WORK ORDER: Reproduce the records below exactly, but only between the lines holding "New Year Christmas" and "Spot On 89886", inclusive.

DATA TO USE:
----

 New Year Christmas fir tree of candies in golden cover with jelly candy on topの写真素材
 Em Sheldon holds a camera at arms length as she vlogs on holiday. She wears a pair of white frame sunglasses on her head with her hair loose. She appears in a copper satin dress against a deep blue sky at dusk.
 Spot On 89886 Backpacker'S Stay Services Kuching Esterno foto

----

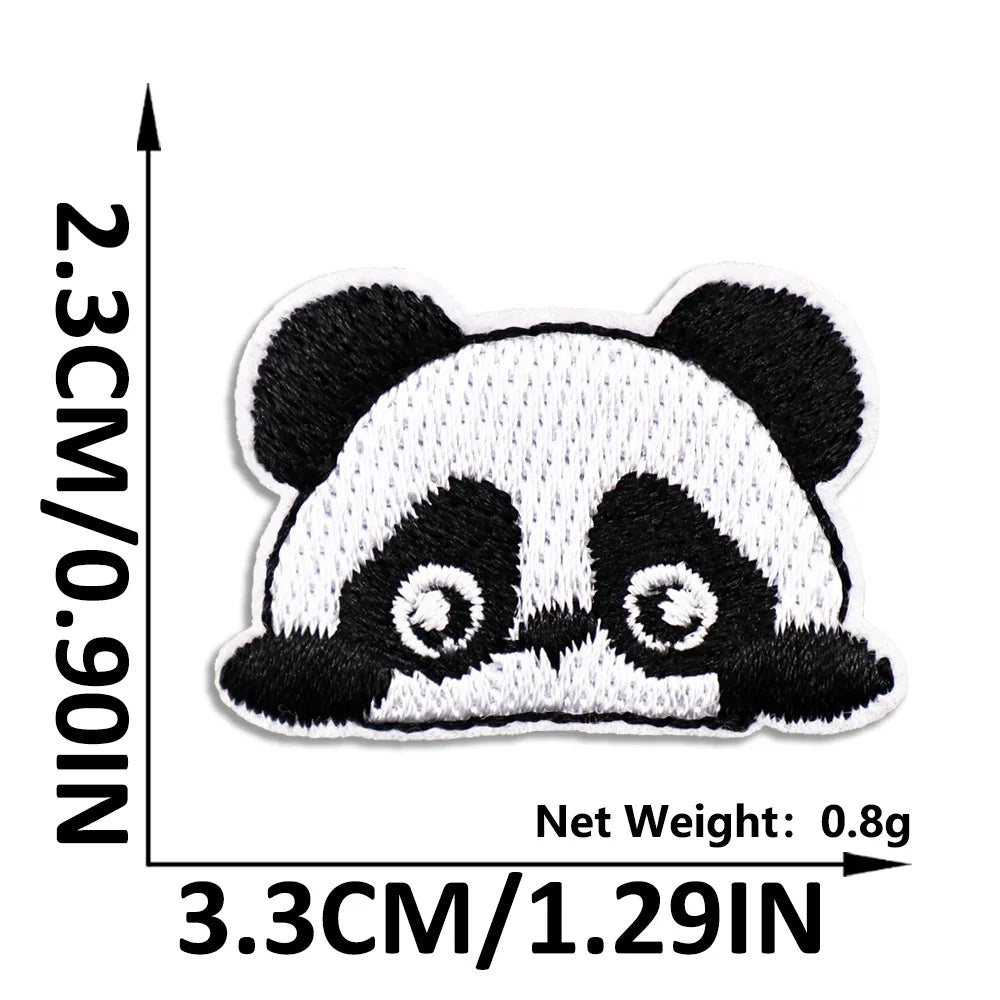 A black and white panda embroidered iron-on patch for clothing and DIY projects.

----

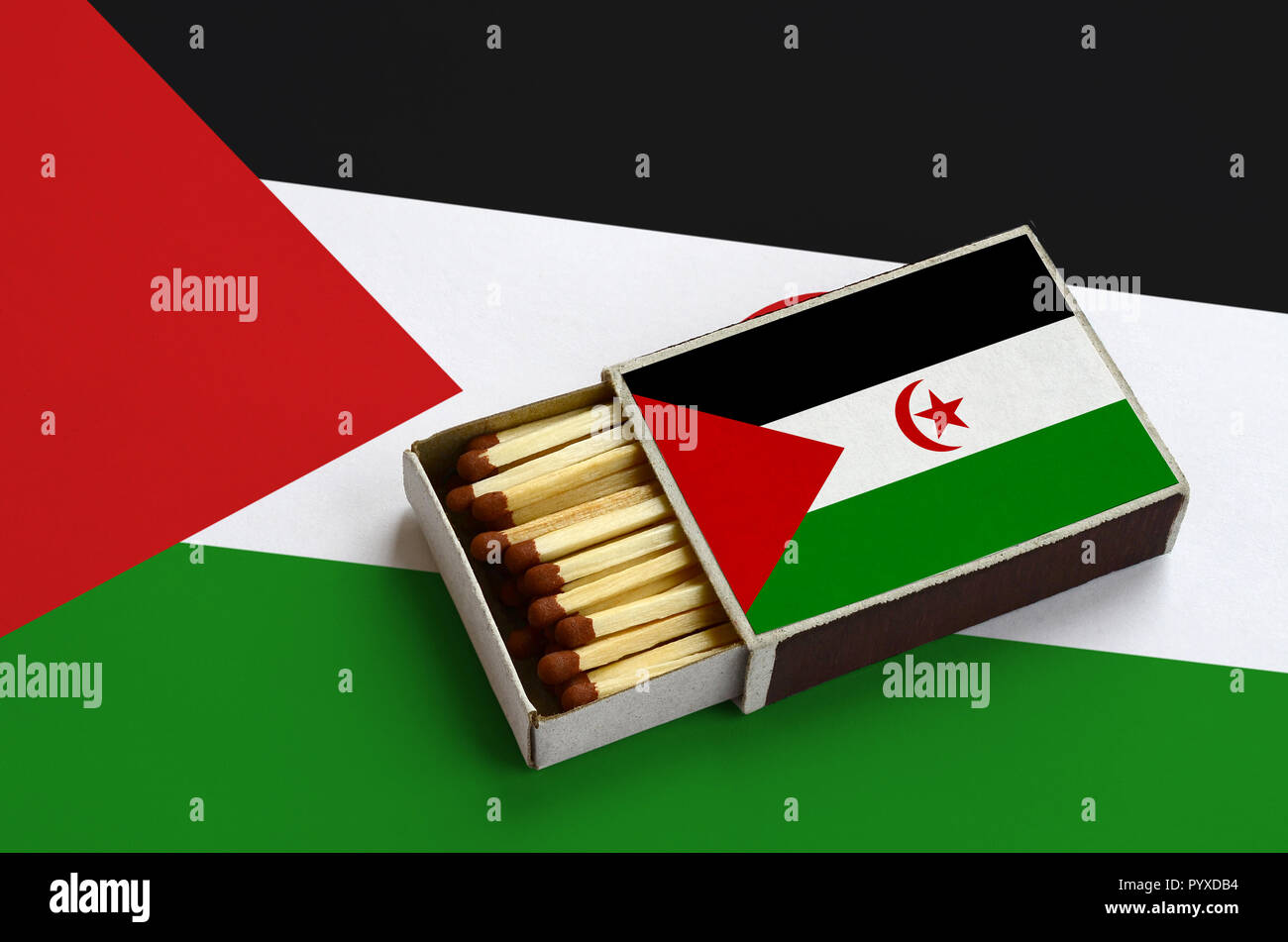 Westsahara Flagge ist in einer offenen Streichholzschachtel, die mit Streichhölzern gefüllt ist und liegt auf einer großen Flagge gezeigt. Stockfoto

----

OUTPUT BELOW:
 New Year Christmas fir tree of candies in golden cover with jelly candy on topの写真素材
 Em Sheldon holds a camera at arms length as she vlogs on holiday. She wears a pair of white frame sunglasses on her head with her hair loose. She appears in a copper satin dress against a deep blue sky at dusk.
 Spot On 89886 Backpacker'S Stay Services Kuching Esterno foto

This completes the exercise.